If throughout the course of our 'reciting, revealing, and reliving' of William Shakespeare's Sonnets we received an idea that there is more to the relationship between these two men than meets the eye at several levels, both in the personal, intimate, physical domain, and also in the public, performative, economic domain, then Sonnet 87 does nothing to dispel this notion. It does the opposite. It weaves into itself those two domains and these various layers and makes it clear to anyone who is prepared to listen that this love is not just about passion, it is also about power, and it is about possession. And within this constellation, it isn't always entirely clear who's owning whom.

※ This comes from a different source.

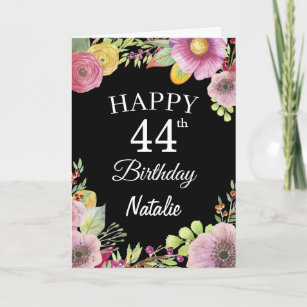 44th Birthday Watercolor Floral Flowers Black Card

In terms of status, economic potency, and proximity to power there can be little doubt that it is the young aristocrat – and that he is an aristocrat of that we need no longer really be uncertain either – who has the upper hand. But we are called upon to remind ourselves with this sonnet that Shakespeare, submissive though he may show himself, and dejected though he may be, posits and positions himself as someone who has at least for some time and in some way 'had', 'held', even 'possessed' the young man. How much we want to read into this is perhaps today largely down to us, and I on this occasion more than on previous ones would counsel caution. It does this sonnet not strike me as one that draws on Shakespeare's saucy or suggestive register, at all. It sounds, if anything, remarkably sober, maybe actively, deliberately so. It is not playful and not witty. Not especially showy and not memorably melodious. It is, if anything, downcast and, a we ventured earlier, resigned. 

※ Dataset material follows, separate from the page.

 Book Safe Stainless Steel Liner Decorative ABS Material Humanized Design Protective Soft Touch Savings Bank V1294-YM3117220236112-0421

And so the poem does pose the question, indirectly, but for this no less profoundly: what was it, really, that drew the young man to Shakespeare? Shakespeare is obviously being harsh on himself when he says that in him 'the cause of this fair gift' that is the young man is entirely wanting; and clearly we, from our perspective today, can think of a plethora of qualities and reasons that may have attracted the young man to Shakespeare. But how did the young man see himself at the time? How did he see Shakespeare? And how did this change over the course of the relationship? That it did change, we know for certain, and we also have been collective witness to some of the specific upheavals that occurred at various junctures, but with Sonnet 87 we may well wonder: what was it that made things exciting, thrilling at the beginning for the young man, and why has it gone stale? 

An obvious answer, and one that offers itself from the ordering of the sonnets in the original Quarto Edition is of course that the arrival on the scene of the Rival Poet has driven a wedge between the young man and Shakespeare and that Shakespeare here now, after everything that has happened and been expressed in the Rival Poet sequence, effectively surrenders.

As we also saw though, some people – including my guests on this podcast, Paul Edmondson and Sir Stanley Wells – challenge the order of the sonnets in the original edition, even though they actually assume that the order was given the sonnets by Shakespeare himself, and they place the Rival Poet group of poems after this one. What we also heard though, from our most recent guest, Professor Gabriel Egan, is that Macdonald P Jackson, whom Edmondson Wells base their reordered edition on, makes a strong case only for the Sonnets numbered 104-126 to have been composed quite a bit later than had generally been assumed, while being much less certain about all the others. Always bearing in mind, of course, that we simply cannot be certain about anything, really, when it come to these sonnets.

I, as part of this episode on Sonnet 87, am not in a position to refute or endorse the findings of Macdonald P Jackson, but I shall endeavour to examine them in much more detail before we get to the end of the series. For the moment, suffice it for us to be aware that the order of the sonnets as we have it in the Quarto Edition has been questioned with varying degrees of assertiveness and similarly uneven evidential weight, and that therefore we cannot say the Rival Poet definitely has a role to play in the proceedings as they now ensue any more than we can say he definitely does not.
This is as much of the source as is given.